Somalia Seasonal Monitor: December 30, 2019
FEWS NET publishes a Seasonal Monitor for Somalia every 10 days (dekad) through the end of the current October to December Deyr rainy season. The purpose of this document is to provide updated information on the progress of the Deyr season to facilitate contingency and response planning. This Somalia Seasonal Monitor is valid through December 31, 2019, and is produced in collaboration with U.S. Geological Survey (USGS), the Food Security and Nutrition Analysis Unit (FSNAU) Somalia, the Somali Water and Land Information System (SWALIM), a number of other agencies, and several Somali nongovernmental organizations (NGOs).
Precipitation begins to subside, signaling a timely end of the Deyr Season
Much of Somalia received less rainfall during the period of December 11-20 compared to previous weeks, which is typical at this time of year and signals the upcoming end of the Deyr season.
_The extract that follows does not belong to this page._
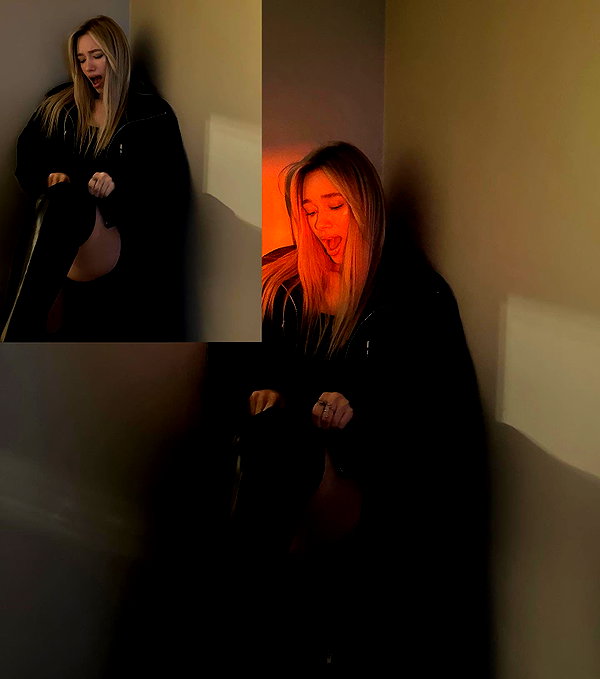 avestanova instagram image archive image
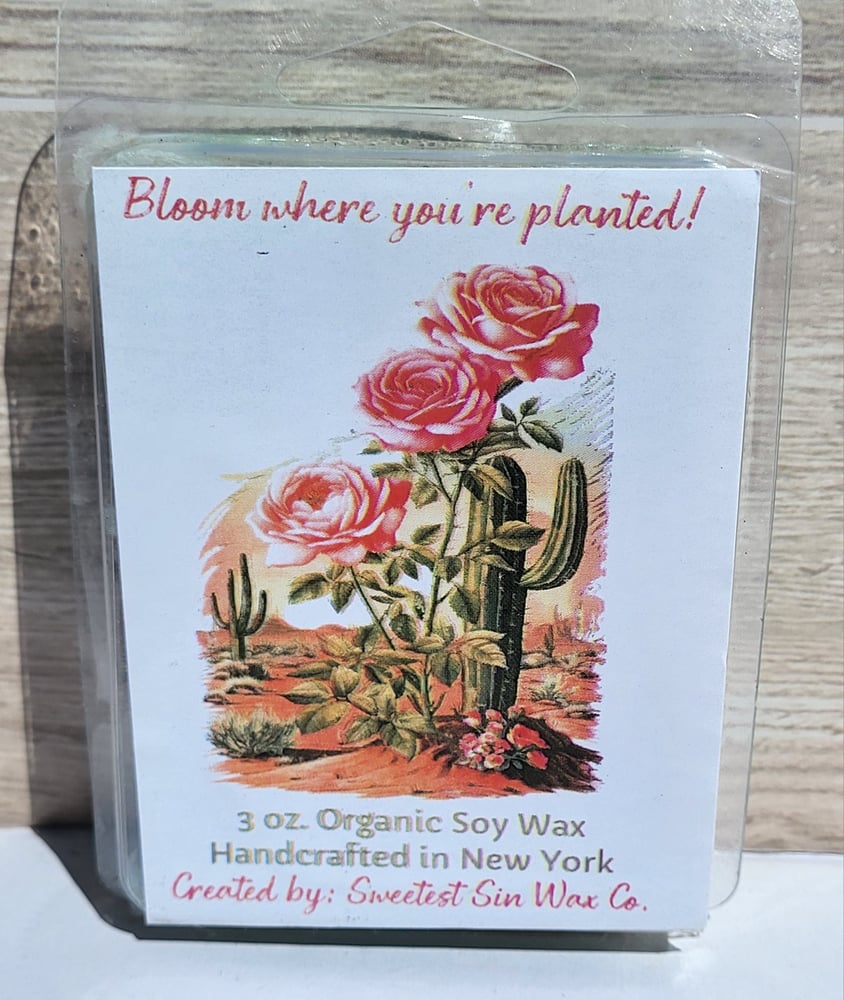 Image of Bloom where you're planted!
Precipitation was highly localized, with moderate to heavy rainfall in a region of the Northeast and parts of the South. The rest of the country generally remained dry. According to satellite-derived CHIRPS preliminary rainfall data, rainfall ranged between 10 and 50 millimeters (mm) in localized northeastern and southern areas, while other parts of the country received less than 10 mm or no rainfall at all (Figure 1). Rainfall totals were climatologically normal, except for several pockets in the Northeast and South that received slightly above-average amounts (Figure 2). Field information also suggests receding river water levels along the Juba and Shabelle rivers, given low local precipitation and suspended precipitation in the upstream catchments of the Ethiopian highlands.
In the Northwest, only a few localized areas received rainfall while most livelihood zones remained dry in mid-December. Light rainfall was recorded in parts of West Golis Pastoral livelihood zone of Borama and Baki districts of Awdal region and northern Togdheer region as well as in localized areas of Northern Inland Pastoral livelihood zone. Moderate to heavy rains also fell in localized areas of West Golis Pastoral livelihood zone of Sanaag. The dryness observed elsewhere is typical for mid-December, but rangeland and livestock conditions are average to above average after the accumulation of strong, positive anomalies earlier in the season.
In the Northeast, heavy rainfall was recorded in coastal and adjacent inland areas of Bari. However, both remote-sensing and ground information confirmed the complete suppression of Deyr rains across remaining livelihood zones of Bari, Nugaal, and northern Mudug. Most livelihood zones in the Northeast experienced a late onset of the Deyr rains and below- average precipitation throughout October and November. Heavy rainfall associated with cyclone Pawan in early December helped generate significant improvement in rangeland conditions. Rangeland and livestock conditions are currently average to above average in Nugaal and northern Mudug, but below average to near average in Bari.
In central regions, most livelihood zones in Galgaduud and southern Mudug were dry in mid-December. Only localized areas of Addun Pastoral livelihood zone of Adado and Galkayo districts and coastal areas of Hobyo and Xarardheere districts received light showers. Overall, rangeland and livestock conditions are average across the livelihood zones, but conditions are relatively worse in eastern areas due to erratic rainfall performance throughout the season. In the South, precipitation began to gradually subside in mid-December after heavy rainfall throughout much of the season. Light to moderate intensity rainfall was received in Lower and Middle Juba, southern Gedo, and localized areas of Lower and Middle Shabelle and Bay regions. Most other livelihood zones recorded only localized, light showers, while livelihood zones in Hiiraan and Bakool regions experienced little to no rainfall. Rain gauge stations recorded 5.5 mm in Baidoa (Bay), 14.5 mm in Huddur (Bakool), 0 mm in Beledweyn (Hiiraan) and 40 mm in Sakow (Middle Juba). Field information also indicated receding river water levels in both the Shabelle and Juba regions.
According to the eMODIS Normalized Difference Vegetation Index (NDVI) for the period of December 11-20, vegetation condition and vigor has significantly improved across the country due to above-average rainfall totals (Figure 3). Remote- sensing data also shows improved conditions in the northeastern areas of the country, where conditions were relatively poor early to mid-season. The seven-day rainfall forecast ending December 31 by the National Oceanic and Atmospheric Administration Climate Prediction Center (NOAA/CPC) indicates the cessation of the Deyr rains across all areas of the country, except for a pocket of moderate to heavy rainfall off coastal areas of the Northeast. This signals the timely end of the season and reflects climatology for this time of year (Figure 4).